Isso pode ser demonstrado de diversas formas, entre elas a correção
hermenêutica e teológica que harmoniza a interpretação das alianças bíblicas
numa teologia progressiva de reconciliação bíblica. Assim, toda a riqueza
histórica revelada nas Escrituras canônicas dos judeus, aplicam-se igualmente à
Igreja quando corretamente interpretadas à luz do Novo Testamento. Devemos
reconhecer que os judeus, assim como qualquer outro povo, também têm direito a
um lar nacional. Eles foram reconhecidos como nação pelas Nações Unidas, ao
formar o Estado de Israel, em 14 de maio de 1948.

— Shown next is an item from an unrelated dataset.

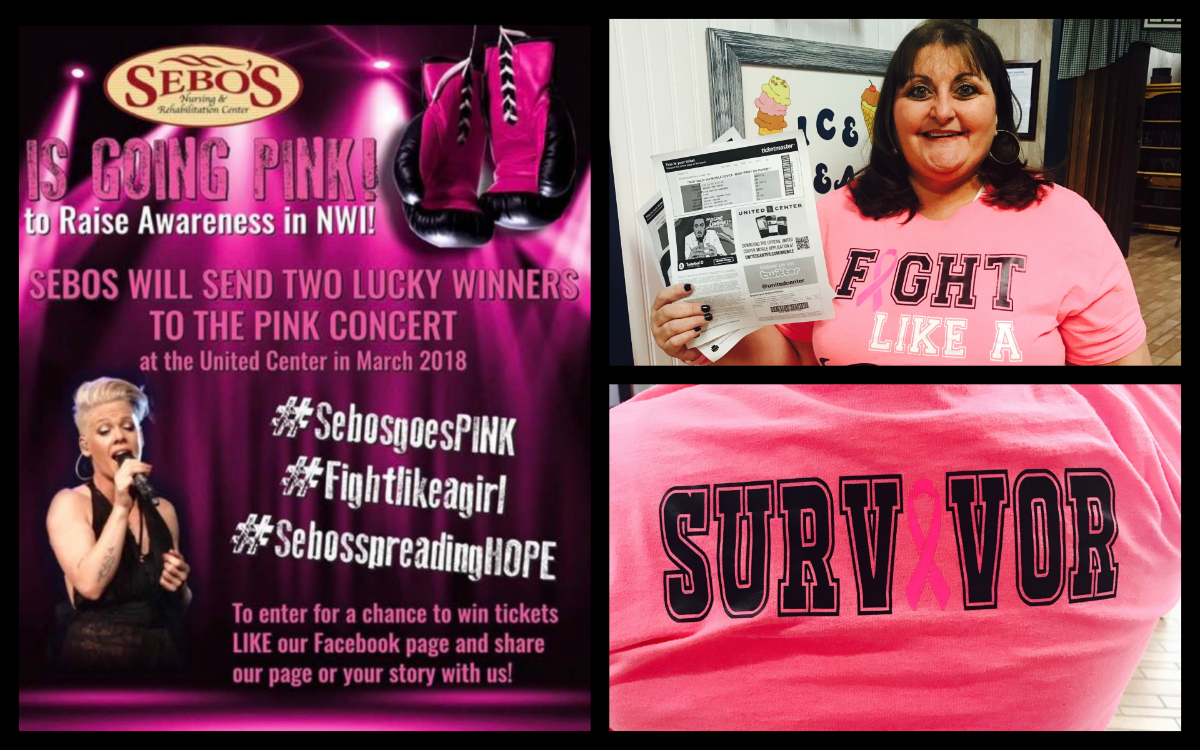 Sebo’s Nursing and Rehabilitation in Hobart Sends Cancer Survivor to Chicago’s PINK Concert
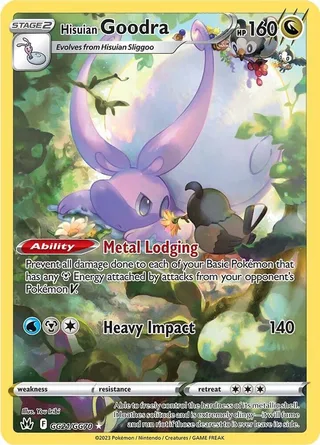 Hisuian Goodra #GG21 · Crown Zenith Galarian Gallery Pokémon card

Os cristãos evangélicos, mais do que qualquer outro grupo, têm o dever de amar este povo. Afinal, devemos aos judeus a pré-história de nossa fé cristã. É deles que vem o nosso Cristo ou Messias, Senhor e Salvador, segundo as Escrituras Sacras. Daí, sermos exortados, ainda pelo apóstolo Paulo a celebrarmos as festas bíblicas: “Joguem fora o velho fermento, para que vocês sejam nova massa, como de fato já são sem fermento. Pois também Cristo nosso cordeiro pascal foi sacrificado. Por isso, celebremos a festa não com o velho fermento da maldade e da malícia, mas com os asmos da sinceridade e da verdade” (1Co 5.7-8). O atual cenário mundial, dá-nos uma oportunidade divina para escrevermos um novo capítulo na história das relações judaico-cristãs.